China’s cinemas saw a huge leap in revenue in 2017, hitting $8.6bn (€7.15bn/£6.3bn), according to figures from the State Administration of Press, Publication, Radio, Film and Television (SAPPRFT).

The $2bn increase from the previous year represents a 30 per cent increase in US dollar terms against the $6.6bn total collected in 2016. However, the Chinese yuan has appreciated against the US dollar and the Chinese authorities have changed the way they calculate box office revenues over the past year.

In Chinese currency terms, the year-on-year growth stands at around 22 per cent, though the SAPPRFT reports an increase of 13.45 per cent, which reflects the growth rate once the fees paid by the consumers to online ticketing platforms have been removed.

In 2016, the box office grew by just 3.7 per cent in the country, leaving Chinese authorities to include ticketing fees in box office figures from 2017.

The weak line up of films during 2016, as well as the clampdown on fraud and online discounts, led to China’s box office experiencing a weak year.

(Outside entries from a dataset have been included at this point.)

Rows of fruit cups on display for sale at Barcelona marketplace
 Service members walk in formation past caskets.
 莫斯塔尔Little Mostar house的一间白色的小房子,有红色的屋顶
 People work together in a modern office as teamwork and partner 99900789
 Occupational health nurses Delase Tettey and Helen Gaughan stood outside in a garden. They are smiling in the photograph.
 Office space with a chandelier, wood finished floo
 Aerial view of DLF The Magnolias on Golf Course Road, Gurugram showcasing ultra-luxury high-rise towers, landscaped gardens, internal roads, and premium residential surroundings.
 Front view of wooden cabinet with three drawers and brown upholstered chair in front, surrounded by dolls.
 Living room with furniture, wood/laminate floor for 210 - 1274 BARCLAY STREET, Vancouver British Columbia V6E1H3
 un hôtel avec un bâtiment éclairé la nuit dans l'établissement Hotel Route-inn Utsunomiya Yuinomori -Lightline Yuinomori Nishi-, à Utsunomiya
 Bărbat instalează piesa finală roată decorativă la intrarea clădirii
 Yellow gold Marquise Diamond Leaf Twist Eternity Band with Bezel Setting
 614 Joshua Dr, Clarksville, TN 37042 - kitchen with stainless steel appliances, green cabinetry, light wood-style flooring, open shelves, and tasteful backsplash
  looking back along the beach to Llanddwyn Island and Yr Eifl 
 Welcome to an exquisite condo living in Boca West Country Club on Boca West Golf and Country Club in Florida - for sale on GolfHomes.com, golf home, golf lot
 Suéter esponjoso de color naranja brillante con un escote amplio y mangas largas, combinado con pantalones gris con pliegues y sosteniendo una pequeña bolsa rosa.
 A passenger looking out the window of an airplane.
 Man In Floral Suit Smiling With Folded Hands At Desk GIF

Prior to that, the country’s box office had been growing at 30 per cent or more every year for the prior 10 years.

SAPPRFT also reported that ticket sales increased by 18 per cent from 1.37 billion in 2016 to 1.62 billion in 2017, showing that the average ticket price is declining due to online ticketing discounts and the increase of cinema screens in less affluent third and fourth tier cities.

In addition, the number of cinema screens increased by 23 per cent to 50,776 by the end of 2017.

Top grossing films in China included Wolf Warrior 2, Never Say Die, Jackie Chan action title Kung Fu Yoga, and Tsui Hark’s Journey To The West: The Demons Strike Back.